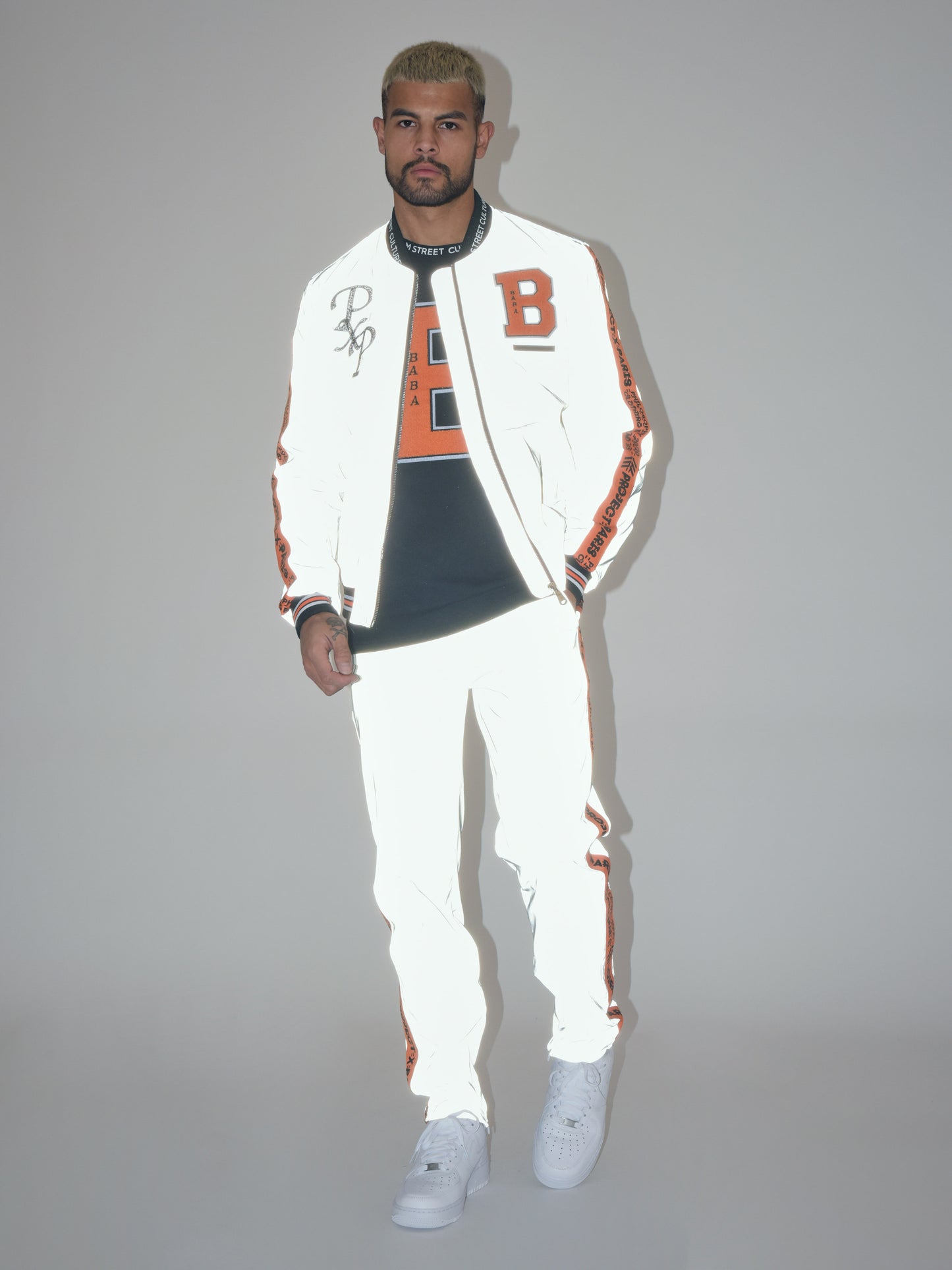 veste-col-teddy-style-baseball-baba-collab-2030079-reflechissant-modelshot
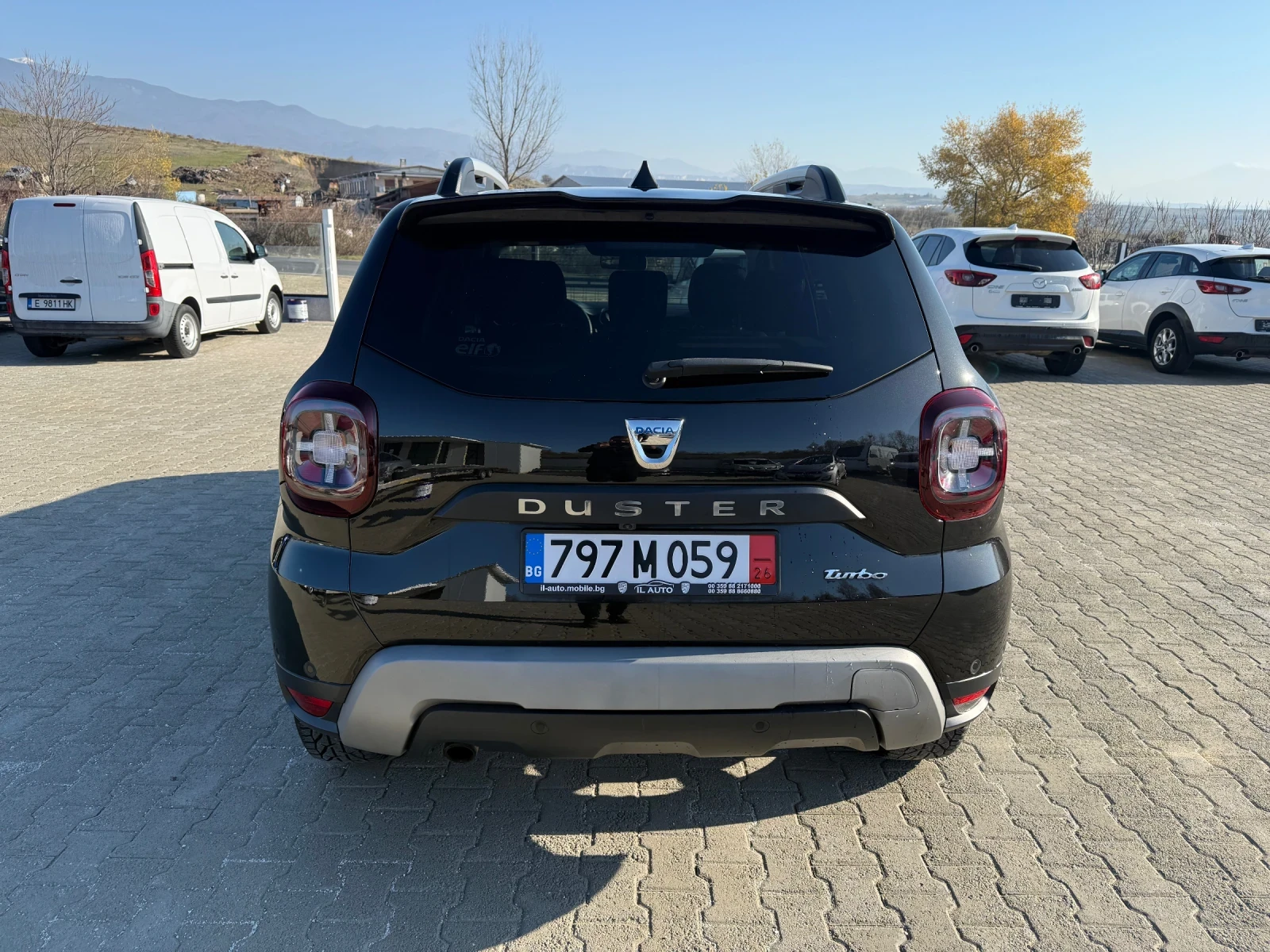 Dacia Duster 1.6. 94000км - изображение 6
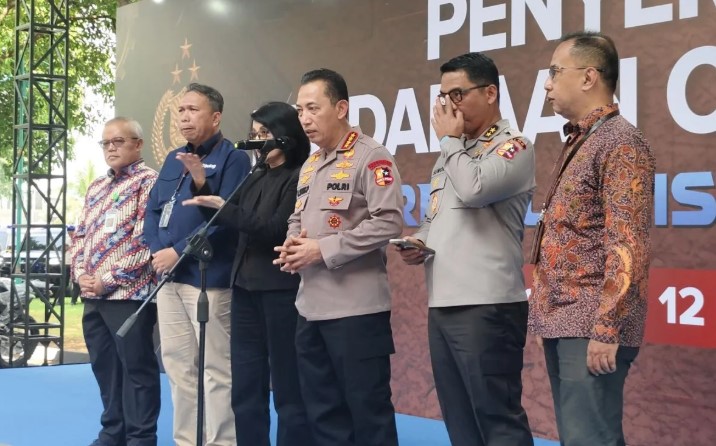 Kapolri Susun Standar Minimal Peralatan Personel untuk Tingkatkan Pelayanan Polisi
----------
Your task
Transcribe the listing above in full. Pictures are not part of the copy.

Response
 veste-col-teddy-style-baseball-baba-collab-2030079-reflechissant-modelshot
 Dacia Duster 1.6. 94000км - изображение 6
 Kapolri Susun Standar Minimal Peralatan Personel untuk Tingkatkan Pelayanan Polisi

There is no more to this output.